The facts in this case are not in dispute. This action was brought by plaintiffs Les Realty and Beverly Smith in an effort to foreclose and bar Hogan from any equity redemption in the premises commonly known as 939 Hussa Street, Linden, New Jersey (the Premises). On July 30, 1992, Jerry Hogan and Cornelis Hogan executed a note in the sum of $133,993.12 and delivered a mortgage on the Premises to Associates Financial Services, Les Realty’s assignor. The mortgage was recorded on August 6, 1992 in the Union County Clerk’s Office in Mortgage Book 4598, page 0011.
Associates Financial Services commenced the within foreclosure action on May 31, 1995. On December 4, 1996, Associates assigned the final judgment of foreclosure to Les Realty, plaintiff. Final judgment was entered on January 12, 1996. On March 5, 1997, the Sheriff sold the subject premises to Les Realty at a sheriffs sale. The Sheriff executed and delivered the deed to Les *206Realty on March 24,1997. On June 25,1997, Les Realty sold the property to Beverly J. Smith.
On June 18, 1991, the Superior Court of New Jersey, Family Part, Union County, entered a child support judgment in the amount of $21,569.40 against Jerry Hogan and in favor of Rita Hogan, defendant.
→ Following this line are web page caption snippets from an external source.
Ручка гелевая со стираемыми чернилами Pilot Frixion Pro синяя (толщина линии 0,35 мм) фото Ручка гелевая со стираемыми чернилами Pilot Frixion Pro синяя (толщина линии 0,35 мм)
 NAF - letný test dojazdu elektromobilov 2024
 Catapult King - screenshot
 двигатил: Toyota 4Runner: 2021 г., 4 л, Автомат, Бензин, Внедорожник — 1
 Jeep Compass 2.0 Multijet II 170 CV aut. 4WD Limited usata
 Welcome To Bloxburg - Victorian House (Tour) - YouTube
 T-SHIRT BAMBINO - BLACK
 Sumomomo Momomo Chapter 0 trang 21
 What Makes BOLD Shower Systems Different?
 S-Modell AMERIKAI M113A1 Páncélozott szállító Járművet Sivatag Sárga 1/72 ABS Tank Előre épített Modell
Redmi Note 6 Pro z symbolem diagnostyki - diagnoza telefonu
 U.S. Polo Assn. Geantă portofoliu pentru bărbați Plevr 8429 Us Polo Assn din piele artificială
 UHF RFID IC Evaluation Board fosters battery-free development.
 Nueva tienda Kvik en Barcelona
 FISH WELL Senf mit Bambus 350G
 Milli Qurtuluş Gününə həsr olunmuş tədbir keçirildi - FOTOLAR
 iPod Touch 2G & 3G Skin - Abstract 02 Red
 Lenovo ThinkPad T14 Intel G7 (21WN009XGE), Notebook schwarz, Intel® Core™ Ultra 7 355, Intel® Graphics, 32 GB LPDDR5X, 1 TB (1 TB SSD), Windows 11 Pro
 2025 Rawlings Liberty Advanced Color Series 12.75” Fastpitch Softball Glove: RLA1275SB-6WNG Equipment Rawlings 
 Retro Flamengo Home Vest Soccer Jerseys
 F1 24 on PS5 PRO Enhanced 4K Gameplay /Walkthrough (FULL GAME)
This judgment was not docketed until September 1, 1992, nearly one month after the mortgage had been recorded.
Hogan contends that her child support judgment became a lien when it was entered on the Union County Civil Judgment and Order Docket on June 18, 1991. Les Realty maintains that the child support judgment entered on behalf of Hogan did not have the effect of a statewide lien until it was docketed by the Clerk of the Superior Court in Trenton on September 1,1992.
Based upon the New Jersey statutory law and precedent, this court finds that Hogan’s child support judgment did not become a lien until September 1, 1992; therefore, since Les Realty’s lien was recorded prior to this date, Les Realty’s hen has priority.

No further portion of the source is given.